Data for this exercise =>
*** Block opens ***

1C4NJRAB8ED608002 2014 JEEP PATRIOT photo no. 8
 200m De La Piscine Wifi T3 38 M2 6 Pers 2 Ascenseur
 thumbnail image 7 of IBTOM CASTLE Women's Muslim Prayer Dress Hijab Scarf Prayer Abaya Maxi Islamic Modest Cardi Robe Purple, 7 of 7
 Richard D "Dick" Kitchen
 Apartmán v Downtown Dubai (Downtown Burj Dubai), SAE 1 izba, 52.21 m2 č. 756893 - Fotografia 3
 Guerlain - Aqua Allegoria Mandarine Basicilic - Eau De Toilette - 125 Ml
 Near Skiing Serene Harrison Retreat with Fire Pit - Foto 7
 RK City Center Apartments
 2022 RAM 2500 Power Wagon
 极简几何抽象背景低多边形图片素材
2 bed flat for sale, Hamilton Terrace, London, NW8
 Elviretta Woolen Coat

*** Block closes ***

Task details => Would you output the lines from the one that contains "Guerlain - Aqua" to the end of the data, both ends included, exactly as they appear?

Output =>
 Guerlain - Aqua Allegoria Mandarine Basicilic - Eau De Toilette - 125 Ml
 Near Skiing Serene Harrison Retreat with Fire Pit - Foto 7
 RK City Center Apartments
 2022 RAM 2500 Power Wagon
 极简几何抽象背景低多边形图片素材
2 bed flat for sale, Hamilton Terrace, London, NW8
 Elviretta Woolen Coat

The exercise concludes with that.